All of lore.kernel.org
 help / color / mirror / Atom feed
* Re: [MPTCP] [PATCH] mptcp: mptcp option len must be skb independent
@ 2019-04-19 22:28 Mat Martineau
  0 siblings, 0 replies; 4+ messages in thread
From: Mat Martineau @ 2019-04-19 22:28 UTC (permalink / raw)
  To: mptcp

[-- Attachment #1: Type: text/plain, Size: 5195 bytes --]


On Fri, 19 Apr 2019, Paolo Abeni wrote:

> Otherwise the TCP stack can't compute correctly the mss and
> that will break segmentation. Note that we can't observe the
> issue with the self-test until we allow skb collapsing -
> loopback default MTU is pretty big and we dont build big enogh
> skb otherwise.
>
> Fix the issue caching the use_map/use_checksum flags also at the
> substream ctx level, and using them in tcp_established_options().
> While at it, replace a bunch of magic numbers with the appropriate
> constants.

Hi Paolo -

"use_checksum" isn't going to differ across packets, and is a subflow-wide 
setting that can be in the subflow context.

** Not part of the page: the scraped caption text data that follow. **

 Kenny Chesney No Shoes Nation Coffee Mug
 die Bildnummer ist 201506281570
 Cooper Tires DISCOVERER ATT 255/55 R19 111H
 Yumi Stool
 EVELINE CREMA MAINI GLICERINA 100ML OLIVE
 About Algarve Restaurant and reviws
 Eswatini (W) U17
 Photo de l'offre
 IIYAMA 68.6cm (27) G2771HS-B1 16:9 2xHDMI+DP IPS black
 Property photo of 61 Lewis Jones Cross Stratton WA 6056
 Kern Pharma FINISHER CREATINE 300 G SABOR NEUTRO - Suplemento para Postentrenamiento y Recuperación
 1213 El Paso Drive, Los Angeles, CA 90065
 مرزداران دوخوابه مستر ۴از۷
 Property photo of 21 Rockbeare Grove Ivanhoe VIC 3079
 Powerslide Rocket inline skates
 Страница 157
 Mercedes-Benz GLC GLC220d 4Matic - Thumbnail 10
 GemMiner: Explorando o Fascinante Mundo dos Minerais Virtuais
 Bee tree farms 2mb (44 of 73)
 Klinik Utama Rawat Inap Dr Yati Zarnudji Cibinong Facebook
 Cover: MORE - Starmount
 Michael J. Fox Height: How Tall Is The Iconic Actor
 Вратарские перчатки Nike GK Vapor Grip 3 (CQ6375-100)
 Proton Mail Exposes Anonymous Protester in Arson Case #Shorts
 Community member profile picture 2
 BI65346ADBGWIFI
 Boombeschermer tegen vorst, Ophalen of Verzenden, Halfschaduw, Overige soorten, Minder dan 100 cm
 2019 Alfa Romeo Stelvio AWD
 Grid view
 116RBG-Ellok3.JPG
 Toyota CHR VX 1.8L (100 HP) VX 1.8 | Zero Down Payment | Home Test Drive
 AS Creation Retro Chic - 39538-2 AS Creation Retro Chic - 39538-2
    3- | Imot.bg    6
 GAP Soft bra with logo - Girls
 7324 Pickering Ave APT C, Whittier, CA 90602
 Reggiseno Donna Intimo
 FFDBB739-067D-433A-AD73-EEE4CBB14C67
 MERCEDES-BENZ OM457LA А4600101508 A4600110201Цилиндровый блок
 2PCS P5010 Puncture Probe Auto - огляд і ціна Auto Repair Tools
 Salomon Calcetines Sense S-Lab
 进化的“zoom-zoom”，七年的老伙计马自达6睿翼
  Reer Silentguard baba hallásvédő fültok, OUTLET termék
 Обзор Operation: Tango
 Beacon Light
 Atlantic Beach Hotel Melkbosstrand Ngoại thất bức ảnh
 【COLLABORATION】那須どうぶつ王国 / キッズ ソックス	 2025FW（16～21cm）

"use_map" is different. The MPTCP DSS option has two parts, with one or 
both of the MPTCP Data ACK and the MPTCP data sequence mapping. This 
varies by the packet. After the connection gets started (handshake plus a 
DSS ACK indicating the DSS options are getting passed through the 
network), the DSS option is not required on every packet.

ACK packets have the DSS option with the MPTCP Data ACK but no mapping.

Not every data packet needs to have DSS mapping information - our MPTCP 
socket could get a sendmsg with 2800 bytes, and send one skb with the 
first 1400 data bytes and the DSS mapping for the 2800 byte range, and a 
second skb with the last 1400 data bytes and no MPTCP option header.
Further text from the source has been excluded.